To gaze upon the art pieces of Dustin Yellin is to puzzle over societal questions. Paused in time, his epoxy resin and glass sculptures present an entire story in one moment. His colorful painted collages, driven by feeling, ask viewers to ponder veiled complexities. With “If a bird’s nest is nature, what is a house?,” the artist’s first solo exhibition with Almine Rech, all of these ideas converge.
In His Debut Solo Exhibition with Almine Rech, Dustin Yellin Articulates Moments of Cosmic Storytelling
In Tribeca, “If a bird's nest is nature, what is a house?” sets epoxy resin and glass pieces in dialogue with painted collages.
BY DAVID GRAVER July 10, 2025
“I’ve always admired Almine’s program and the range of incredible artists they’ve worked with over the years, like Calder and Turrell, as well as outstanding contemporaries like Claire Tabouret and Taryn Simon,” Yellin tells Surface. “The program is diverse, and multi-disciplinary, which is an essential part of any thoughtful gallery.
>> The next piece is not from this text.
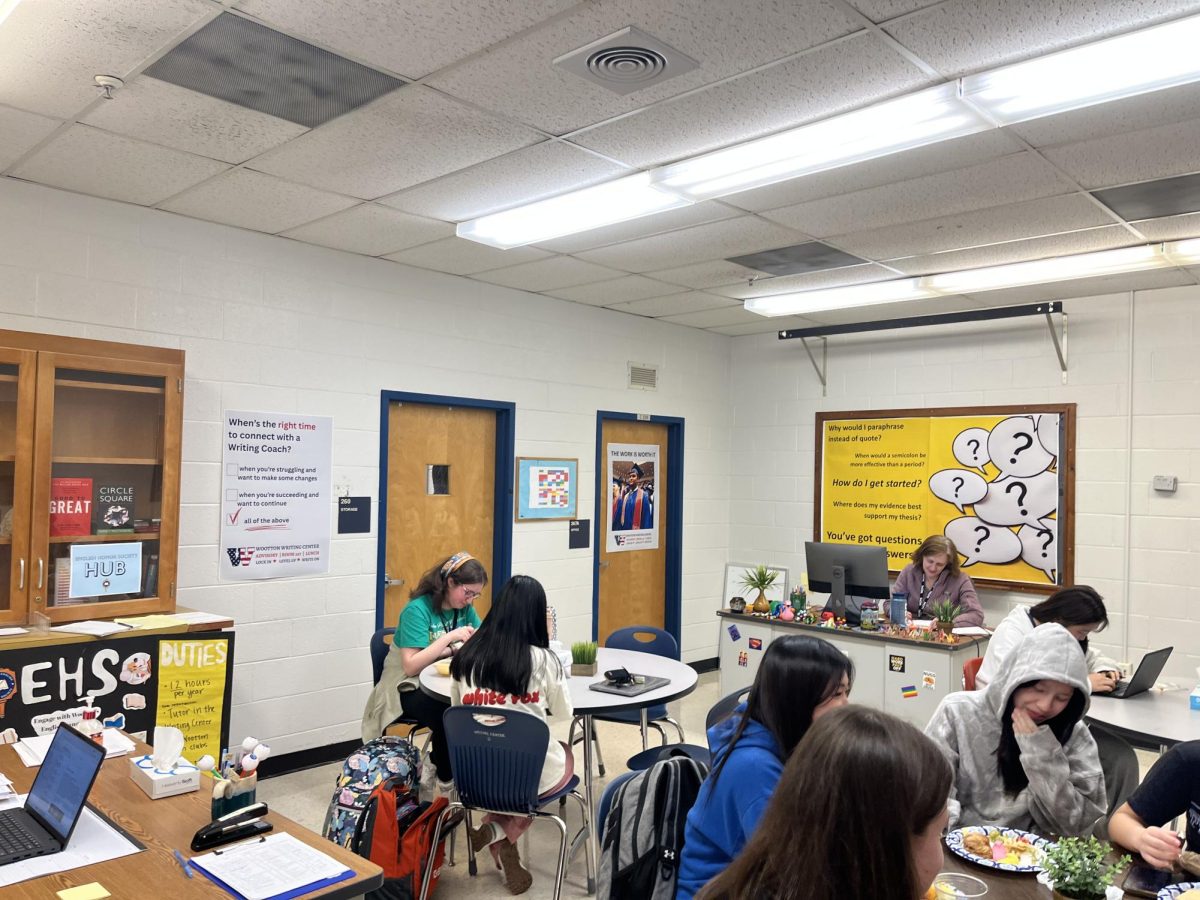 English Honor Society members tutor during lunch in the Writing Center. The Writing Center is in the midst of undergoing changes to its approach and physical layout. "We changed up the furniture in here so that it is more conducive to dialogue. The space is more purposeful, especially since it’s for everybody, not just for students who are struggling or who are doing incredibly well. It's for students across that entire spectrum,” Writing Coach Andrea Herman said.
I trust and respect their vision and execution, which is key! Those relationships, timing, and a confluence of aspirations resulted in this opportunity to work together.”
Yellin considers himself medium agnostic. “I prefer to follow concepts as they unfold, or lead me to the right format for their expression,” he says. Over the last three years, many of what he refers to as his obsessive fields of inquiry—including deep time, meteorites, mycelial networks, cave drawings, and systems of archiving—have taken shape as paintings. “While these themes have always been present in my sculptures, the inherent flatness of painting presents new challenges, especially around surfaces, scale, and legibility,” he says.
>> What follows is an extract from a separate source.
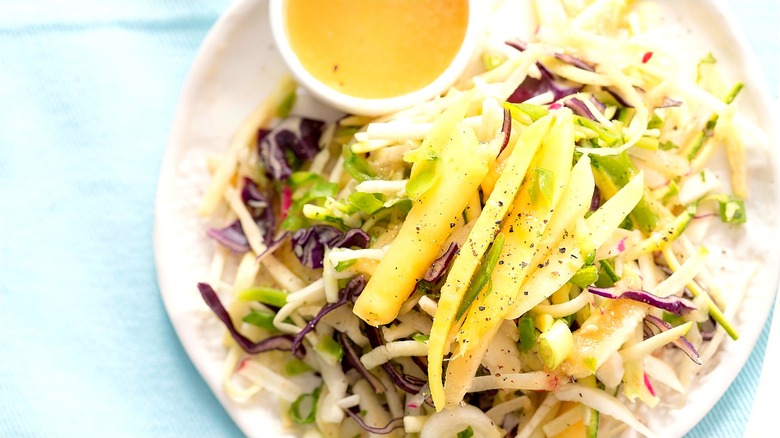 Mango-infused coleslaw next to a small cup of salad dressing on a cream-colored plate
“Understanding how to navigate those challenges led me to this show, which uses both painting and sculpture to tell stories and create experiences about the origins of our universe, the intelligence of nature, the infinite possibility of space, and how humans construct meaning by building things,” Yellin adds.
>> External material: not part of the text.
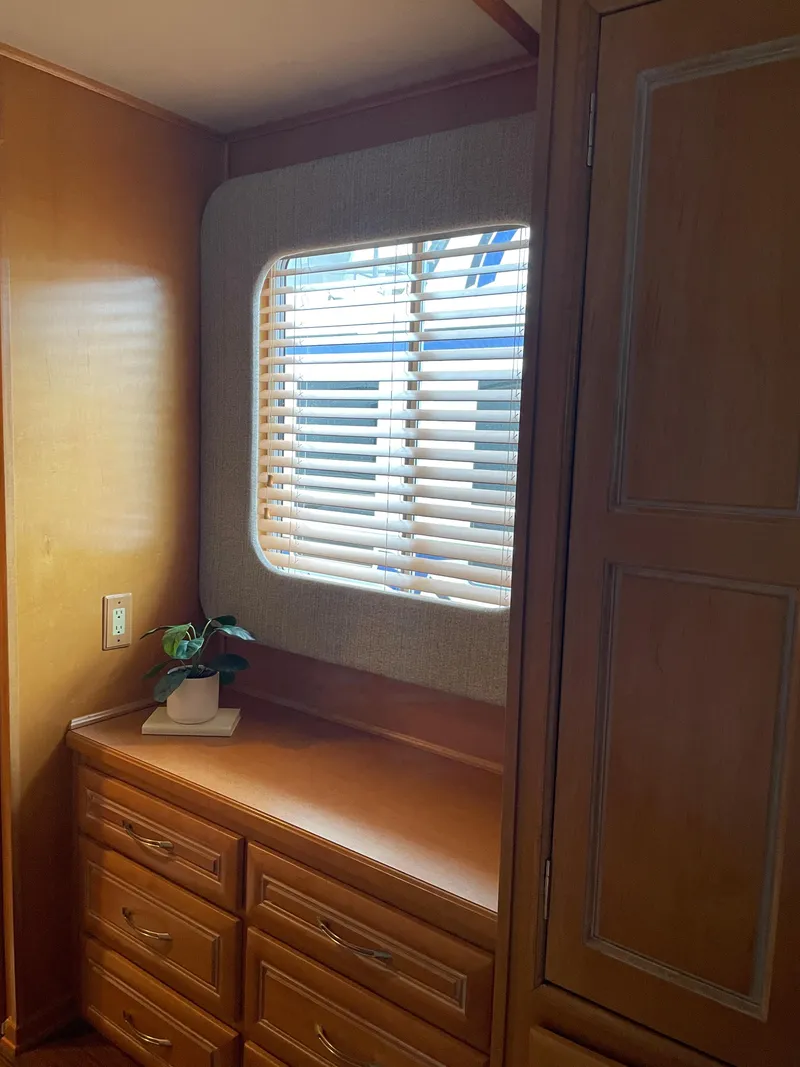 Slide: The Image of 2002 Stardust Cruisers Houseboat interior with wooden cabinets and window blinds. - 8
At the heart of the exhibition is The Consequential Nature of the Simultaneous, an ornate sculpture that extends for nearly four feet. Yellin began developing the themes of the work years ago—in an even larger sculpture called Politics of Eternity. “This itself was inspired by many historic works, including The Garden of Earthly Delights,” he says. “I struggle with the idea that humans have the capacity to be conscious of all that is happening in the universe at any given moment. A struggle with the physical body being stuck in one point of space in any given moment while still being conscious of all points in the space-time continuum.” Beneath this is an understanding that as the internet overloaded us, machine learning may create a new method to offload and process.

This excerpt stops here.